21 Şubat Dünya Anadil Günü dolayısıyla Galatasaray Lisesi önünde bir araya gelen Laz, Gürcü, Çerkes, Hemşinli, Pomak halkları dahil pek çok farklı etnik gruptan topluluk, Halkların Dostluğu Girişimi olarak basın açıklaması yaptı. Açıklamada ‘dil’in insanlık tarihinin ortak değerleri arasında olduğuna vurgu yapılarak, bugün Türkiye’de konuşulan 34 dilden 18’inin yok olma tehlikesi altında olduğu, bunların arasında Çerkes dillerinin de bulunduğuna dikkat çekildi
“Anadil yüreğin kapısıdır”
Halkların Dostluğu Girişimi, Dünya Anadil Günü dolayısıyla Galatasaray Meydanı’nda basın açıklaması yaptı. Açıklamada "İnsanlık tarihinin ortak değerleri olan tüm dil, kültür ve inançların temel insan haklarından" olduğu vurgulandı.
***
Jıneps’in de içinde olduğu Halkların Dostluğu Girişimi bileşenleri, 21 Şubat Dünya Anadil Günü dolayısıyla Galatasaray Lisesi önünde bir basın açıklaması yaptıktan sonra, TMMOB Makine Mühendisleri Odası’nda da panel düzenledi.

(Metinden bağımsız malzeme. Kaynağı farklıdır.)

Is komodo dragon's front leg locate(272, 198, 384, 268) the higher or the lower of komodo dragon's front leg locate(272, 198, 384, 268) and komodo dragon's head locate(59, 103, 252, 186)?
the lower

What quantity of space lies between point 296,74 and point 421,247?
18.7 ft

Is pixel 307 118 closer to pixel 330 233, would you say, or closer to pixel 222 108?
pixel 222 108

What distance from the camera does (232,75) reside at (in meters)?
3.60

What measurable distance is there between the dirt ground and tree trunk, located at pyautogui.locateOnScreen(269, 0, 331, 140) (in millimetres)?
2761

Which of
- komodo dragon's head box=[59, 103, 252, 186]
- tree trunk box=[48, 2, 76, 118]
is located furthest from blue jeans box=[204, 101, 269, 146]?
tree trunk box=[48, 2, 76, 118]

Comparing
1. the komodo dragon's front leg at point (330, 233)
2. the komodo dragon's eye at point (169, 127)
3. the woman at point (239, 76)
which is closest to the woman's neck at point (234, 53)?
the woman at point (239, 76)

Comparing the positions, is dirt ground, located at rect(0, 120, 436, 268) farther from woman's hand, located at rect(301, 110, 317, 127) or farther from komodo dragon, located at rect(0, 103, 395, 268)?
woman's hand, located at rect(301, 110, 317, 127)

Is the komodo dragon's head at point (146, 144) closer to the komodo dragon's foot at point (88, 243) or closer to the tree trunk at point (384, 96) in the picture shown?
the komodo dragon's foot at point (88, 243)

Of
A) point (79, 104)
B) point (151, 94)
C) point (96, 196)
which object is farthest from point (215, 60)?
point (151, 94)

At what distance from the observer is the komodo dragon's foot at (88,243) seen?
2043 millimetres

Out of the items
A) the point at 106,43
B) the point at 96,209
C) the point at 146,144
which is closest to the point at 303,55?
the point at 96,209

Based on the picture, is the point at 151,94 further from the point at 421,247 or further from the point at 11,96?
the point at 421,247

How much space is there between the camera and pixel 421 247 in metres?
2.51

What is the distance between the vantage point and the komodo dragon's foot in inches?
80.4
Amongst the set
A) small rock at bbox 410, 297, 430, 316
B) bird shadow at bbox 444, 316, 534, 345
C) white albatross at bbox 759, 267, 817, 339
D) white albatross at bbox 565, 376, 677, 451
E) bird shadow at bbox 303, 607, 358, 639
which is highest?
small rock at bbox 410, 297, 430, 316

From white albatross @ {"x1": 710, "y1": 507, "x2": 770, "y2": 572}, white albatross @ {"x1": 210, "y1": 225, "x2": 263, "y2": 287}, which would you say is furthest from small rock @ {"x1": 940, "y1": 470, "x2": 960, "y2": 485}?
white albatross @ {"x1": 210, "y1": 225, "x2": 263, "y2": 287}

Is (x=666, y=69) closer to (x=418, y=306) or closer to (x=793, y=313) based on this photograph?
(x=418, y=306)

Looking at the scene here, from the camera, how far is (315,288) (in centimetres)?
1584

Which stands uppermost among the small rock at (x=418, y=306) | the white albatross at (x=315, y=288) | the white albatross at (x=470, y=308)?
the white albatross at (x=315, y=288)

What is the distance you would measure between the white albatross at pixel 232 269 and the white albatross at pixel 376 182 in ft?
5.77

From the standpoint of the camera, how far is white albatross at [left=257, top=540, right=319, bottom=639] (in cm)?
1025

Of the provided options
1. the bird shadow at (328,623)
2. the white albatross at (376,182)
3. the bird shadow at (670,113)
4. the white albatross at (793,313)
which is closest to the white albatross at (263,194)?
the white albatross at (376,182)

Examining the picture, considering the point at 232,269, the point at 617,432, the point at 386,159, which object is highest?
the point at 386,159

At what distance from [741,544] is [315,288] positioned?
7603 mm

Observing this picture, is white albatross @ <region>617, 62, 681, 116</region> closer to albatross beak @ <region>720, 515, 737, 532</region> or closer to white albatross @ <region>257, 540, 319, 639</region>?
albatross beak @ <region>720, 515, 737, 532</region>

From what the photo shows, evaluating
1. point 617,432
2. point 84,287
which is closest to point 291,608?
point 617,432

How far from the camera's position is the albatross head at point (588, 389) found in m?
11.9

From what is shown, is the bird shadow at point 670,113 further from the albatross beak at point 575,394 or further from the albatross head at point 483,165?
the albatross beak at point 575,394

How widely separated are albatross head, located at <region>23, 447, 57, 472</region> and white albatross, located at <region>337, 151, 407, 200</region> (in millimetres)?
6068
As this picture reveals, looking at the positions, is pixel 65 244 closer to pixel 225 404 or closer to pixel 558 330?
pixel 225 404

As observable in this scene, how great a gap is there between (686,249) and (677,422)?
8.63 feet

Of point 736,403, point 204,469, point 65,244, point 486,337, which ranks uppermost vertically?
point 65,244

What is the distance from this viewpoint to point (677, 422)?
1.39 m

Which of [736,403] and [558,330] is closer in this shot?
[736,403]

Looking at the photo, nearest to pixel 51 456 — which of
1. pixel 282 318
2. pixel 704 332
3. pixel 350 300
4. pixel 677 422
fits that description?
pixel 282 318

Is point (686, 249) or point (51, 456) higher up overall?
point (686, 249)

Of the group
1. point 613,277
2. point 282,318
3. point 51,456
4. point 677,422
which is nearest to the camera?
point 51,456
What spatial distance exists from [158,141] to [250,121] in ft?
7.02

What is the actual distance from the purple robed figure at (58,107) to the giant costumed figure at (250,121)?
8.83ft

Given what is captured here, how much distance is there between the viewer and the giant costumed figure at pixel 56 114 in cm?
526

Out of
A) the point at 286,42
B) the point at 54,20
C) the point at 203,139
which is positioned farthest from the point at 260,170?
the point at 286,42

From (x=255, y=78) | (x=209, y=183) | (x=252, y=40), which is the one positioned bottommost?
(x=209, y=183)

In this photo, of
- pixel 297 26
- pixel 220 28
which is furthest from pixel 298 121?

Gürcü, Laz, Çerkes, Hemşinli, Pomak pek çok farklı etnik ve inanç grubundan katılımcıların olduğu topluluk, Galatasaray Meydanı’nda açıklama yapan gazeteci İnci Hekimoğlu, Türkiye’de ‘resmi dil’ Türkçe dışında 34 dil konuşulduğunu ve bunlardan 18’inin yok olma tehlikesi altında olduğunu kaydederek Ubıhça ve Kapadokya Yunancası’nın son çeyrek yüzyılda yok olduğunu söyledi. Hekimoğlu, "İnsanlık tarihinin ortak değerleri olan tüm dil, kültür ve inançların başkalarının yaşama hakkına müdahale etmemek kaydıyla, var olma, kendini geliştirme ve yarınlara taşıma hakkı temel insan haklarındandır" dedi.
Dil yasaklanamaz
Dillerin yasaklanmasıyla toplumsal barışın tehdit edildiğini söyleyen Hekimoğlu, "Toplumsal barış yasaklarla değil, farklılıkların kabul edilmesi ve bu farklılıklar arasın uyum yaratılmasıyla mümkündür" diye konuştu.
İnsanların konuşabilmesi ve çocuklarına öğretebilmesi ile bir dilin yaşatılabileceğini vurgulayan Hekimoğlu, ancak için resmi dil dışındaki dilleri tanıyan ve koruyan ulusal politikaların oluşturulması ve anadilde eğitim ve öğretimin desteklenmesiyle mümkün olacağını belirtti. Hekimoğlu, yeni anayasa hazırlık sürecinde ana diller konusunda özgürlükçü, çağdaş, demokrasi ve insan haklarına uygun düzenlemelerin yapılması gerektiğinin altını çizdi.
Anayasada yeri
Hekimoğlu, yeni anayasa çalışmasına dair önerilerini ise şöyle sıraladı;
-Türkiye’nin taraf olduğu evrensel hukukun gereği olarak, tüm dil, kültür ve inançlar, tarihi ve kültürel mirasımızın bir parçası olarak değerlendirilsin, kamusal sorumluluk tanınsın ve genel bütçeden pay ayrılsın.
-Tekçi, tek tipleştirici, merkeziyetçi, devlet odaklı politikalar terk edilsin, dil ve kültüre ilişkin politikalar resmi dil dışındaki dil ve kültüre mensup halkların iradesi dikkate alınarak belirlensin.
-Anadil hakkı temel hak olarak kabul edilsin, ana diller anayasal güvence altına alınsın, anadilde eğitim-öğretim, kamusal alanda kullanımı, radyo-televizyon yayını yapma konusundaki sınırlamalar kaldırılsın. Yok olma tehdidi altındaki diller koruma altına alınsın ve pozitif ayrımcılık uygulansın."
Açıklamanın ardından, Akordeon eşliğinde Adıgece ve Gürcüce halk ezgileri seslendirildi.
Topluluk, daha sonra Dr. Sibel Özbudun ve Gürcü Kültür merkezi Başkanı Eşref Yılmaz’ın konuşmacı olduğu "Anayasa ve Halklar" forumuna katıldı.